Sony buys OnLive streaming game service, which will shut down later this month

In a bid to beef up its own PlayStation Now service, Sony is acquiring OnLive's patents for an undisclosed sum. Everything else is being shut down.

Nick Statt Former Staff Reporter / News
Nick Statt was a staff reporter for CNET News covering Microsoft, gaming, and technology you sometimes wear. He previously wrote for ReadWrite, was a news associate at the social-news app Flipboard, and his work has appeared in Popular Science and Newsweek. When not complaining about Bay Area bagel quality, he can be found spending a questionable amount of time contemplating his relationship with video games.
Nick Statt
3 min read

OnLive hoped to change the video game industry by removing the need for expensive hardware. CNET

OnLive, one of the most promising video game startups in the industry, is shutting down.

The Mountain View, Calif., company, which offered gamers a groundbreaking new way to play games over the Internet, announced Thursday that it's selling its patents to Sony. OnLive's service will be shut down after April 30.
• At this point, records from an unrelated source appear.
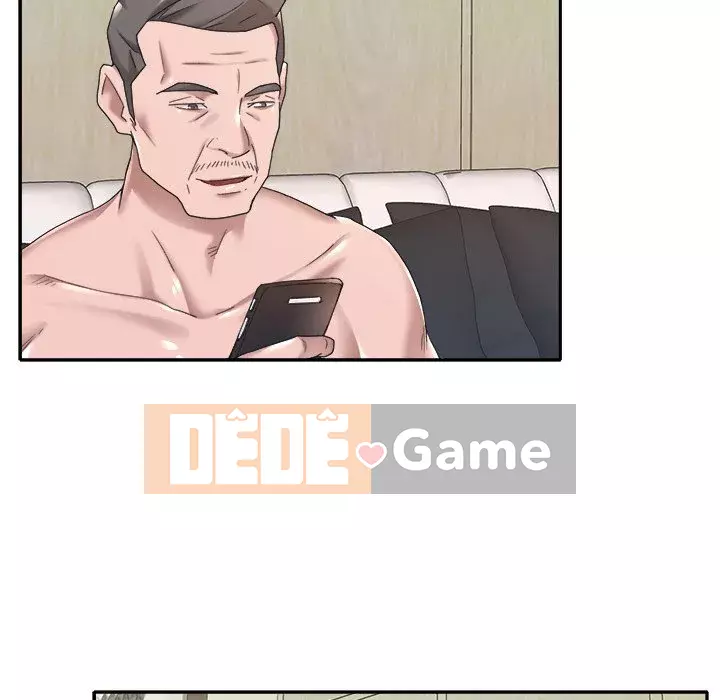 Quản gia độc quyền của tôi Chương 1-23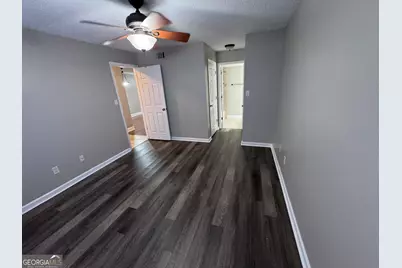 1055 Baxter Street #APT 504, Athens, GA 30606 - Photo 6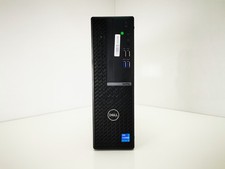 Dell Optiplex 7010 SFF PC -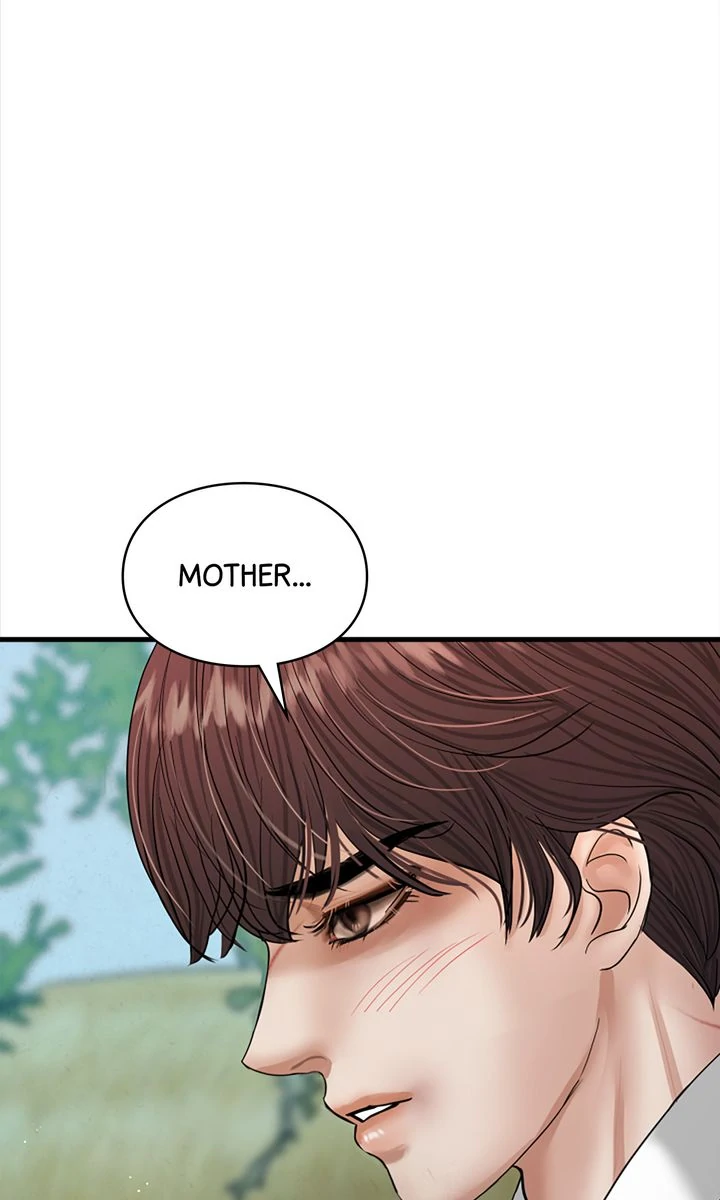 Beneath the Peach Tree chapter 40 page 31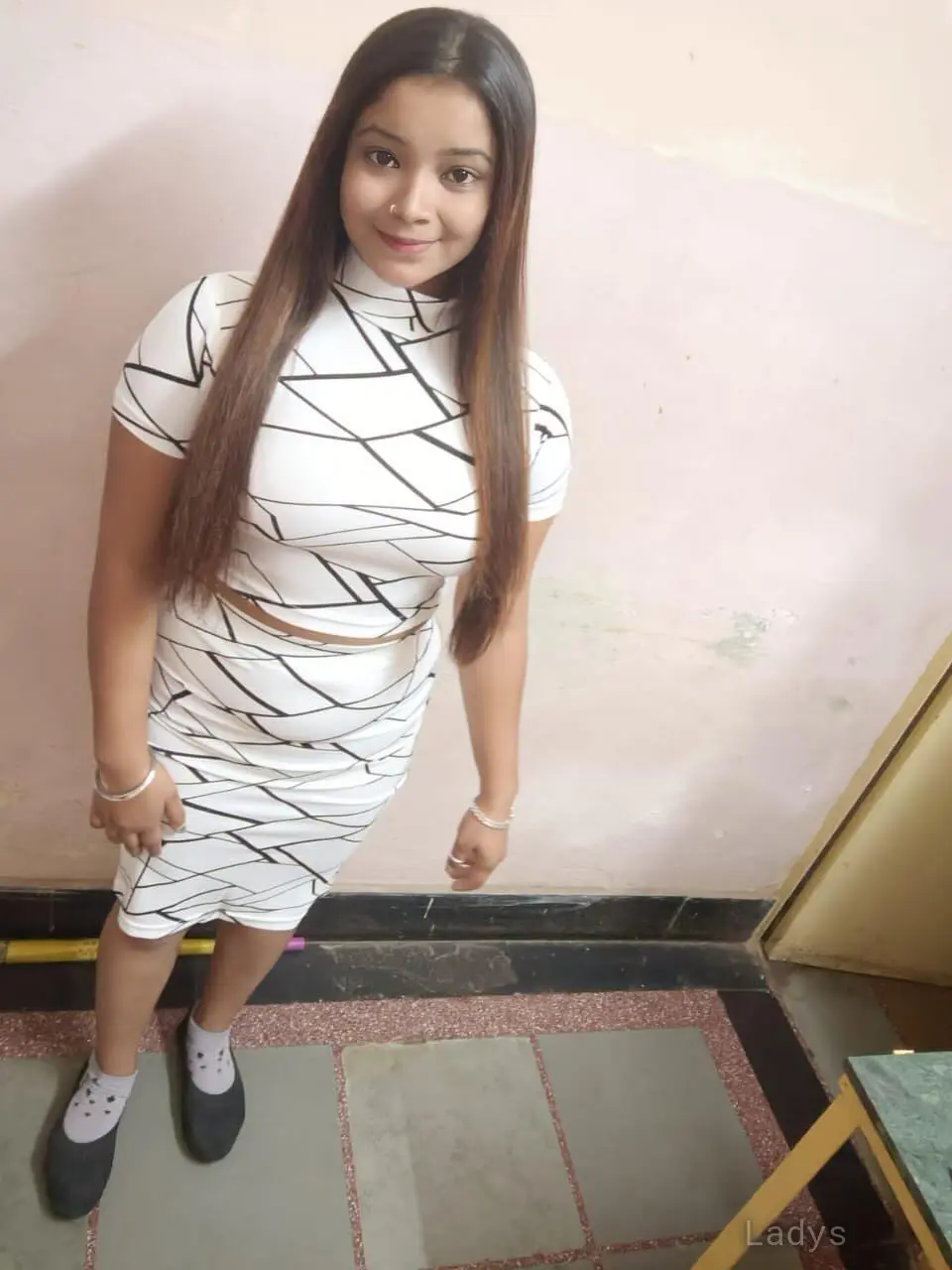 Parvati (23) – Call Girl & Independent Escort Service in Thiruvananthapuram - Gallery Photo 3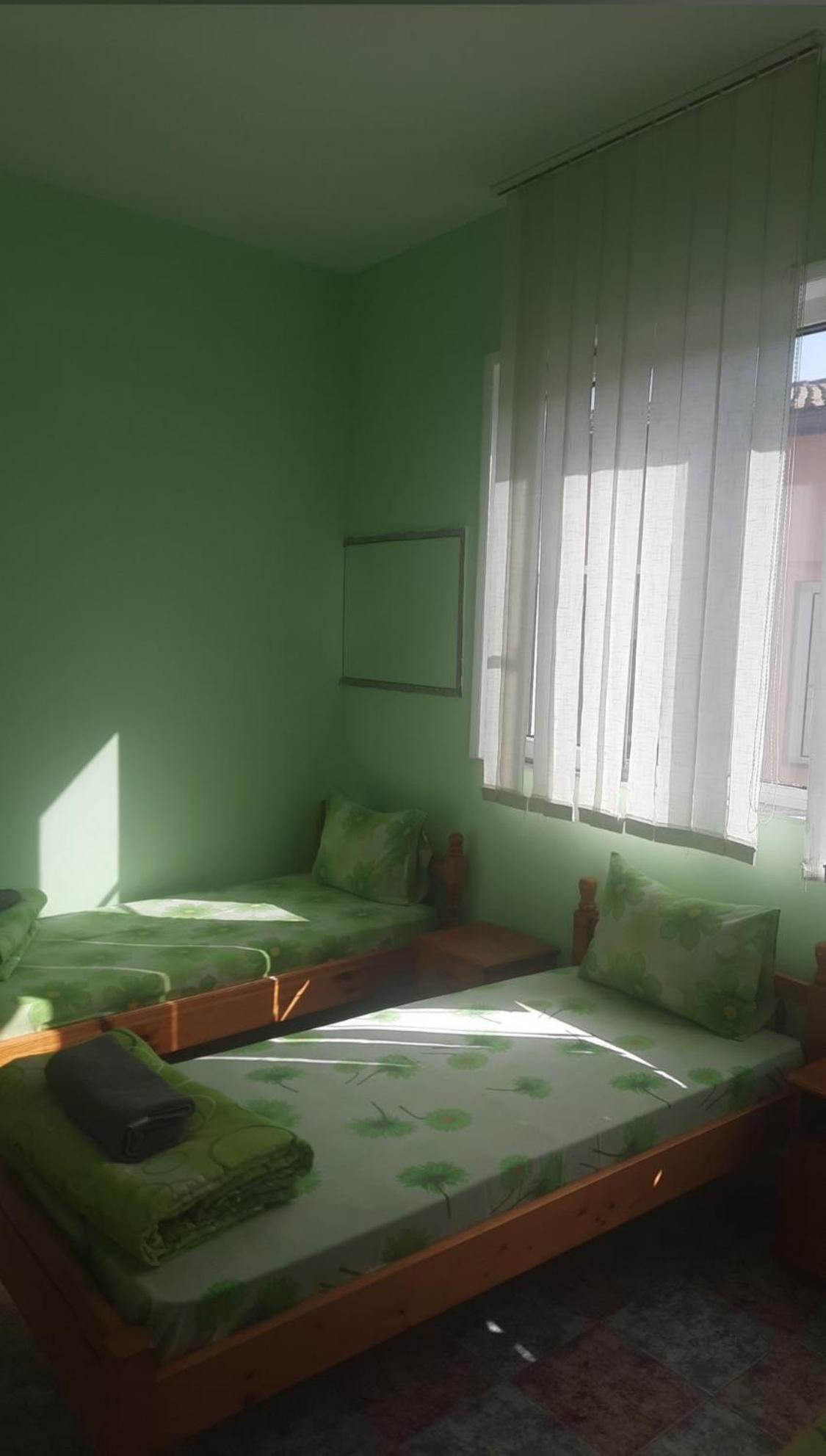 Хотел Елит Kostinbrod Luaran gambar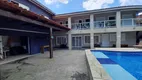 Foto 33 de Imóvel Comercial para alugar, 500m² em Canto do Itagua, Bertioga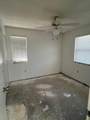 151 93rd Ave - Photo 22
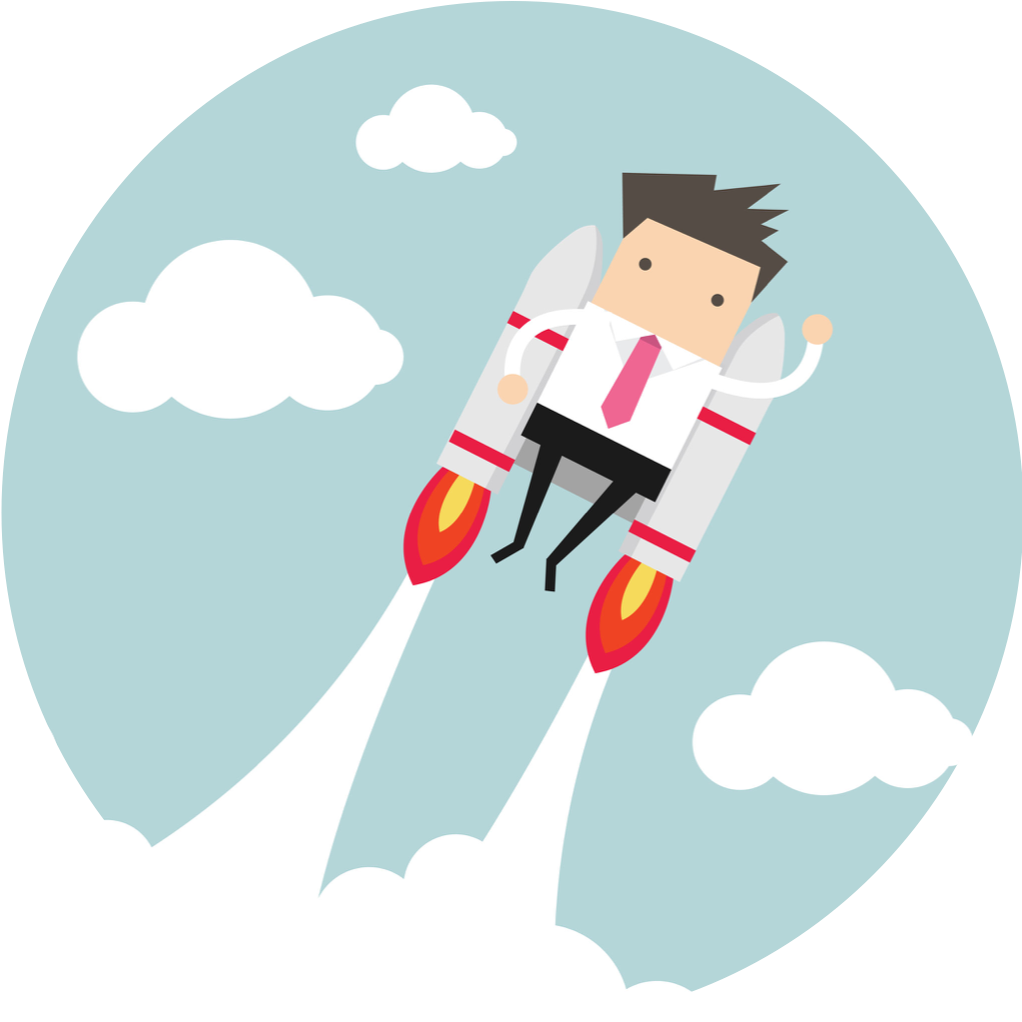 Published February 26, Clipart (1022x1022), Png Download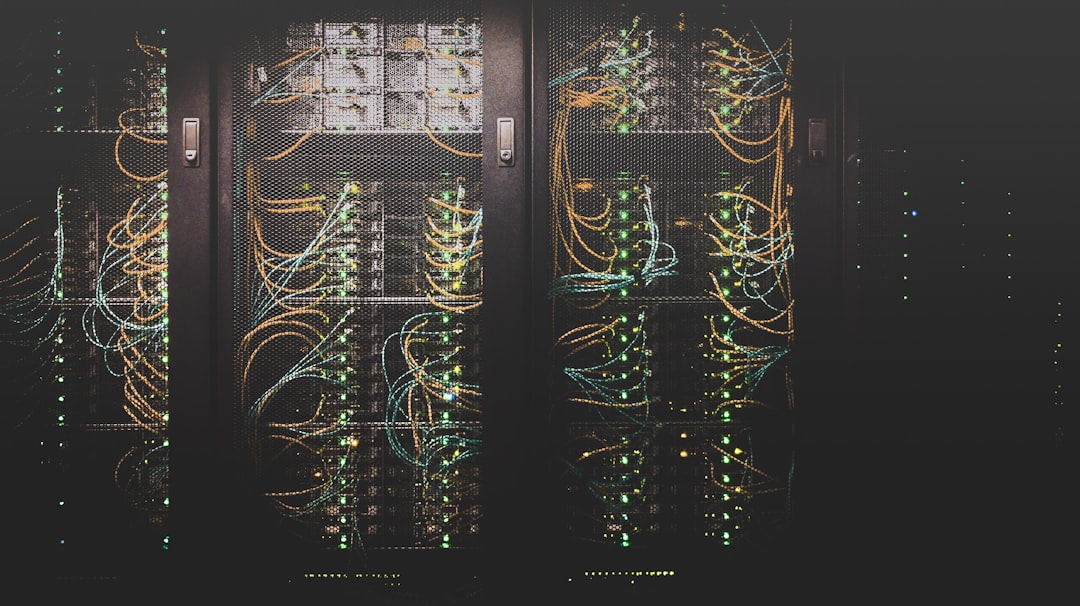 The Hidden Costs of Microservices Architecture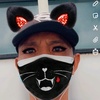 lawrencejaminlawr - @lawrencejami - TikTok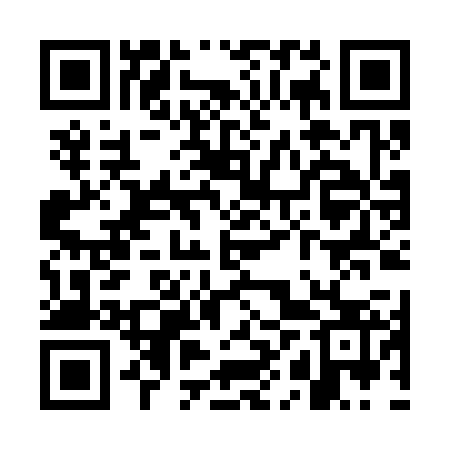 QR code for WHXC23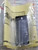 RCA KIT 237643 / includes ST92T96N9B1/AIN / 1 PIECE (qzty)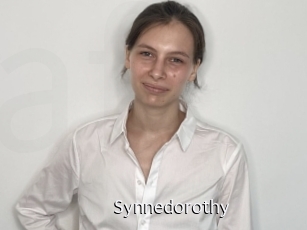 Synnedorothy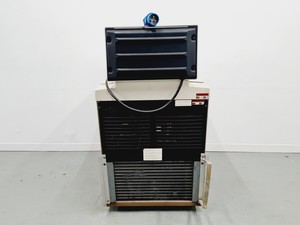 Thumbnail image of Beckman J2-21 Centrifuge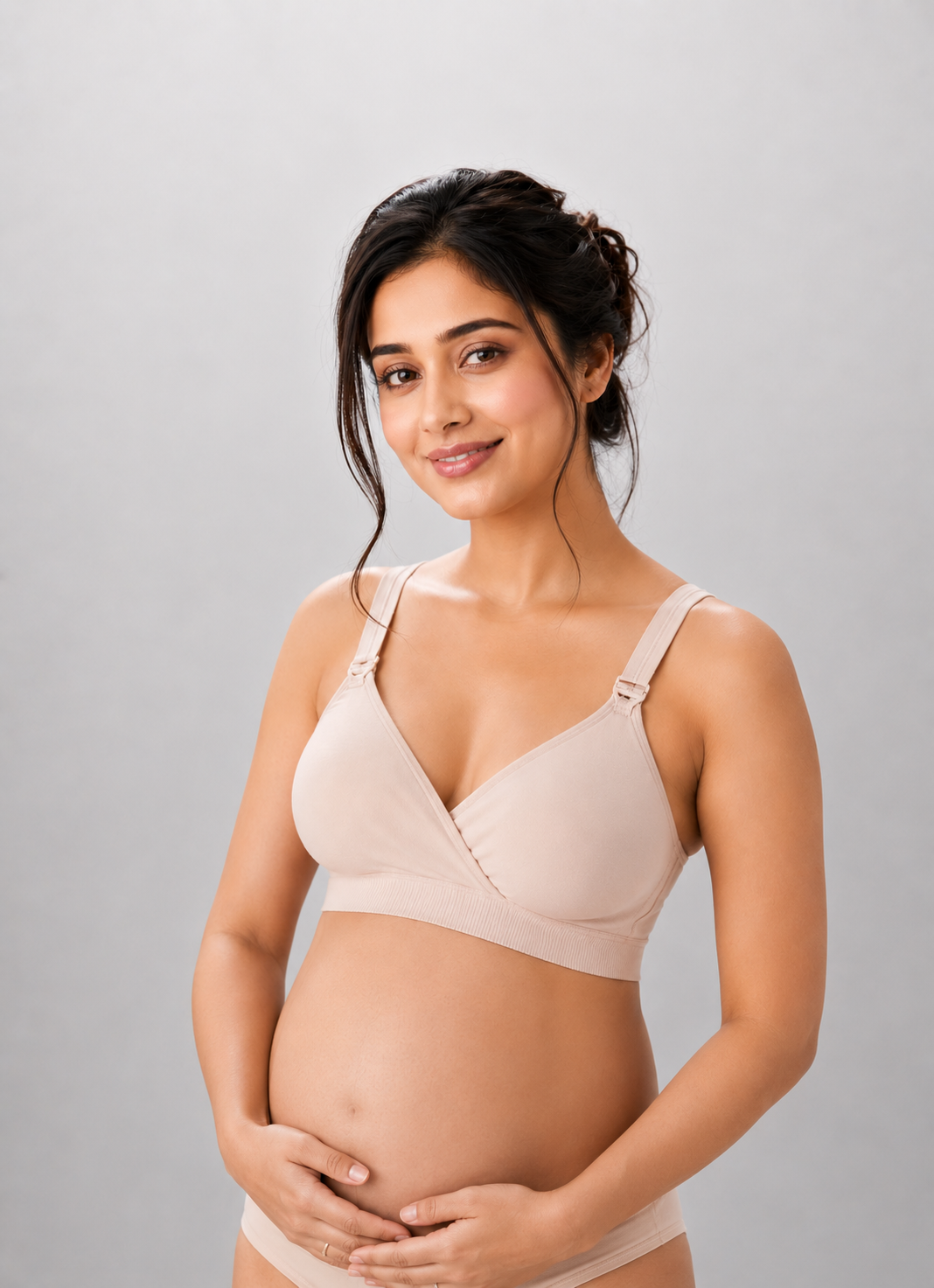 Maternity Innerwear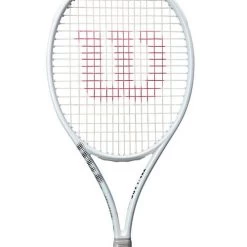Wilson Shift 99 (300G) Tennis Racquet -Tennis Sale Store WR136611U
"Following the termination of the company's services and related products, OnLive will engage in an orderly wind-down of the company and cease operations," OnLive wrote in a statement. Sony confirmed the deal, saying the purchase opens "great opportunities for our gamers, and gives Sony a formidable patent portfolio." Terms of the deal were not disclosed.

The sale brings to an end one of the more ambitious new video game technology startups. Founded more than a decade ago by Apple and Microsoft alum Steve Perlman, OnLive was built to offer customers a way to play visually sophisticated video games without having to own expensive computing hardware. The way it worked was through a technology called "cloud gaming," where gaming programs would run on powerful computers in a server, and the images would be broadcast over the Internet to a gamer playing on a tablet or computer, much in the same way Netflix streams videos to television sets.

But OnLive struggled. Two years after its high-profile launch in 2010, high costs and anemic marketing forced the company to enter a form of bankruptcy, during which OnLive laid off much of its staff and effectively sold itself to investor Lauder Partners. The company relaunched, offering streaming technology for gamers who used Valve Corp.'s Steam online store, but otherwise it appeared to scale back its ambitions.

In 2012, OnLive said it counted 1.75 million active users, some of whom paid $9.99 per month to access its game library of 250 titles on devices ranging from TVs and PCs to smartphones and tablets. OnLive also at one point sold access to newer titles outright at prices similar to retail.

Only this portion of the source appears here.